Phase 1 (IKE / authentication exchange)¶
| Field | Options | Notes |
|---|---|---|
| Negotiation mode | Main, Aggressive | Aggressive is faster but exposes the identity; Main is more secure |
| My identifier | Address, FQDN, user@FQDN, ASN.1 DN, auto | How this firewall identifies itself to clients |
| Encryption algorithm | 3DES, Blowfish, CAST128, Rijndael | Must match client configuration |
| Hash algorithm | SHA1, MD5 | Must match client |
| DH key group | 1 (768-bit), 2 (1024-bit), 5 (1536-bit), and higher | Higher groups are more secure but slower |
| Lifetime | Seconds | How long before Phase 1 must renegotiate |
| Authentication method | Pre-shared key, RSA signature | PSK is simpler; RSA requires certificates |
Algorithm notes: - 3DES — broadest client compatibility - Blowfish — fastest in software when AES-NI is not used - AES-NI acceleration is built into the kernel since FreeBSD 12
Phase 2 (IPsec SA / data encryption)¶
| Field | Options | Notes |
|---|---|---|
| Protocol | ESP, AH | ESP encrypts payload; AH authenticates only (no encryption) |
| Encryption algorithms | 3DES, Blowfish, CAST128, Rijndael | Select all that the client may propose |
| Hash algorithms | HMAC-SHA1, HMAC-MD5 | Select supported options |
| PFS key group | Disabled, or 1–5+ | Perfect Forward Secrecy; each Phase 2 uses independent keying |
| Lifetime | Seconds | Phase 2 renegotiation interval |
RSA certificate configuration¶
When using RSA signature authentication:
- Upload a PEM-format X.509 certificate and matching RSA private key for the firewall
- The CA that signed the firewall certificate (and the client certificate) must be added to the CA list (see Certificate Authorities below)

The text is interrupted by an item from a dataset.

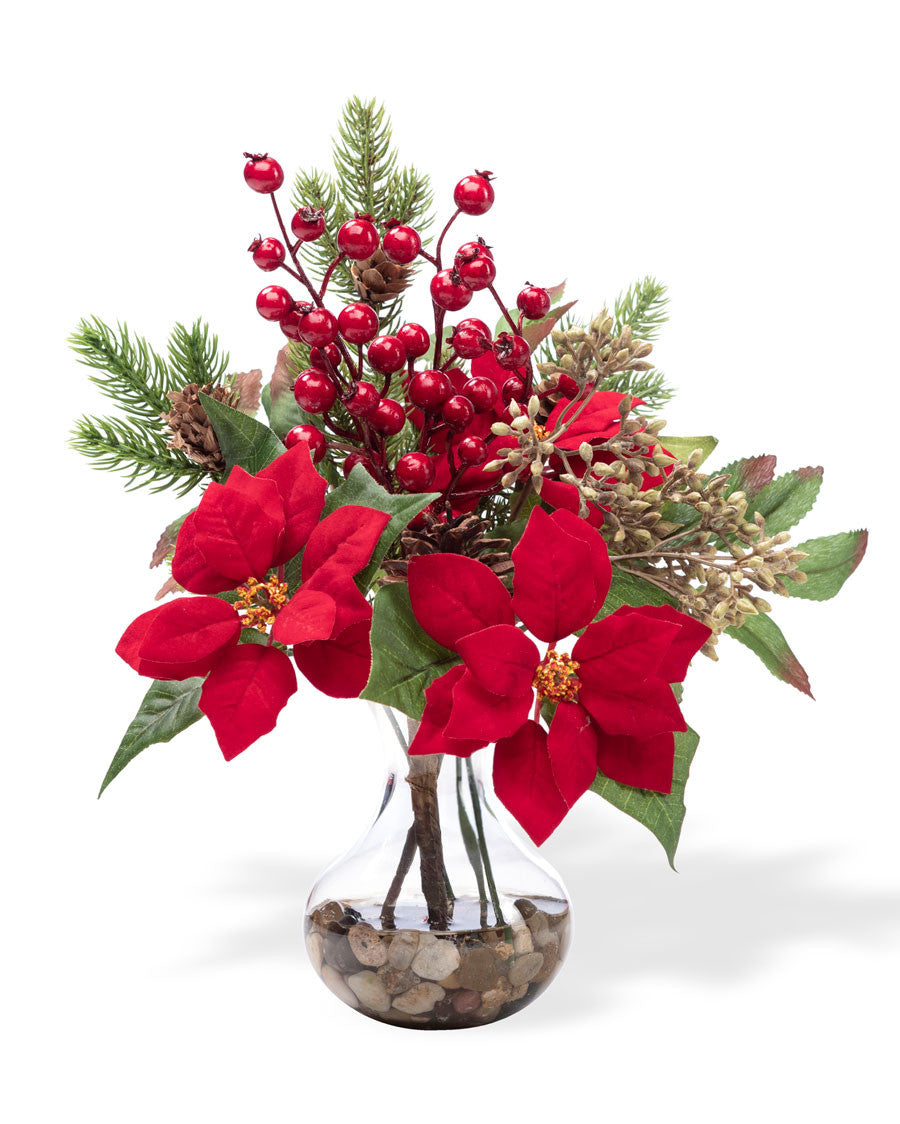 Poinsettia, Pine & Berry Silk Christmas Accent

- Clients present their own certificates, which are validated against the stored CAs
Certificate Authorities¶
Web UI location¶
VPN > IPsec > CA
The CA list stores trusted Certificate Authority certificates and Certificate Revocation Lists (CRLs) used to validate peer certificates in IPsec connections.
Adding a CA¶
Each entry requires:
| Field | Notes |
|---|---|
| Identifier | Human-readable name for this CA |
| CA certificate | PEM-format X.509 CA certificate |
| CRL | Optional: PEM-format Certificate Revocation List for this CA |
Usage¶
- For RSA-signature-authenticated IPsec (both site-to-site and mobile clients), the CA that signed the peer's certificate must be present here
- A CRL can be uploaded alongside the CA certificate to revoke specific client certificates without removing the CA entirely
- CA entries cannot be deleted while referenced by active IPsec tunnel configurations
Pre-shared keys¶
VPN > IPsec > Pre-shared keys
For PSK-authenticated mobile clients, pre-shared keys are managed separately. Each entry maps an identifier (FQDN or IP) to a shared secret.
Firewall rules for mobile clients¶
Mobile client IPsec connections arrive on the WAN interface. Required firewall rules:
- UDP 500 (IKE) —
WAN → firewall— permit IKE negotiation - UDP 4500 (NAT-T) —
WAN → firewall— permit if NAT-T is enabled - ESP (protocol 50) —
WAN → firewall— permit ESP data plane (if NAT-T is not used)
After the tunnel establishes, mobile client traffic appears from the assigned client address pool. Create firewall rules on the relevant interface to control what mobile clients can reach.